*Your goal*. Your task is to output the listing exactly, leaving every image out.

*Data section*.
§ §

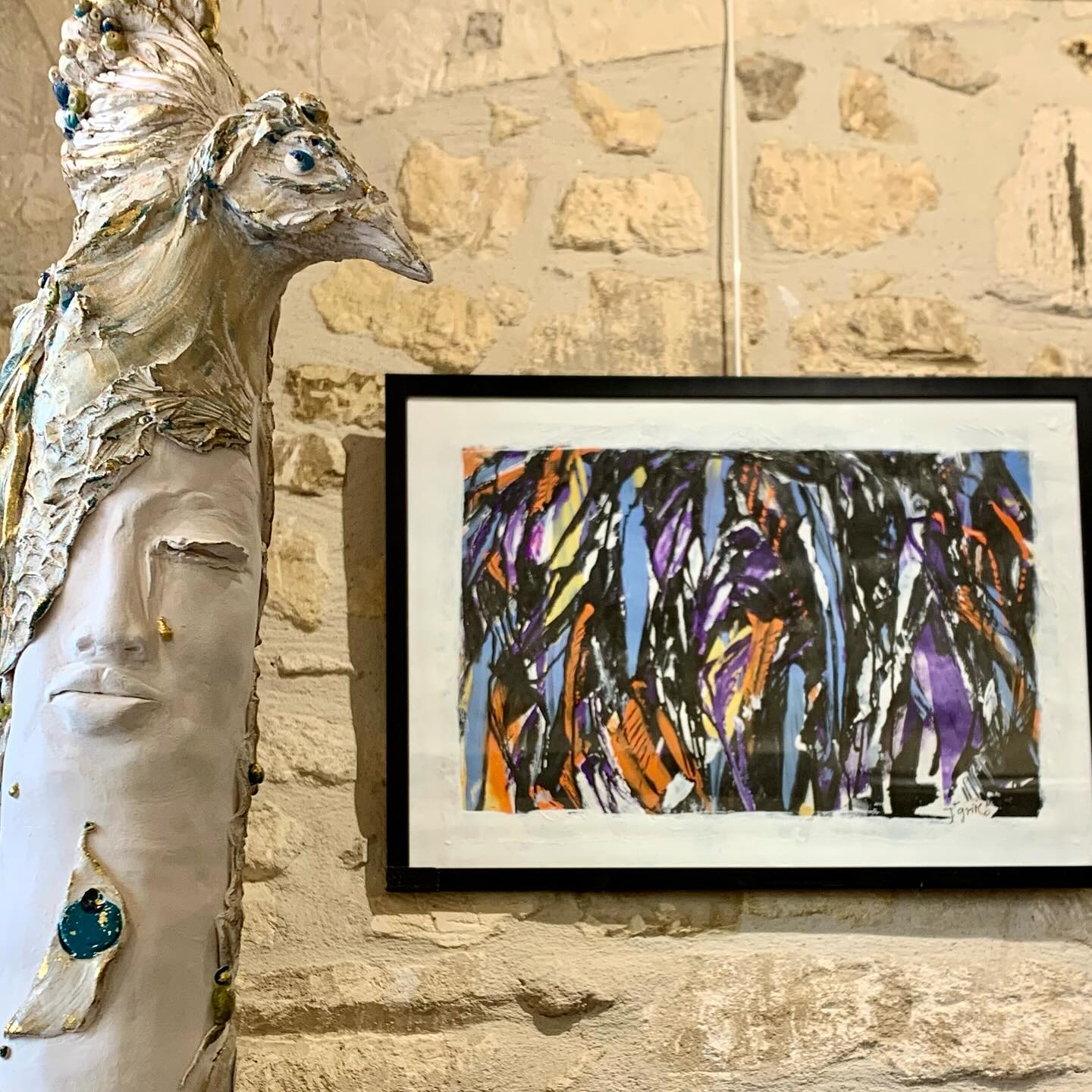 Au premier plan, la « Chamane Paon », grès d’Agnès Delettre Durand
Au mur « Yuccas » , Acryliqye et Encre de Chine, encadré 50x 70cm, à retrouver dans la rubrique Nature is your love de ma galerie en ligne www.jgrimo.com
#femmeartistepeintre #JgriMo #artexhibition #contemporarypainting #maussane #contemporaryart #contemporaryartist #provencealpescôtedazur #seekinspirecreate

§ §

*Solution for this problem*.
 Au premier plan, la « Chamane Paon », grès d’Agnès Delettre Durand
Au mur « Yuccas » , Acryliqye et Encre de Chine, encadré 50x 70cm, à retrouver dans la rubrique Nature is your love de ma galerie en ligne www.jgrimo.com
#femmeartistepeintre #JgriMo #artexhibition #contemporarypainting #maussane #contemporaryart #contemporaryartist #provencealpescôtedazur #seekinspirecreate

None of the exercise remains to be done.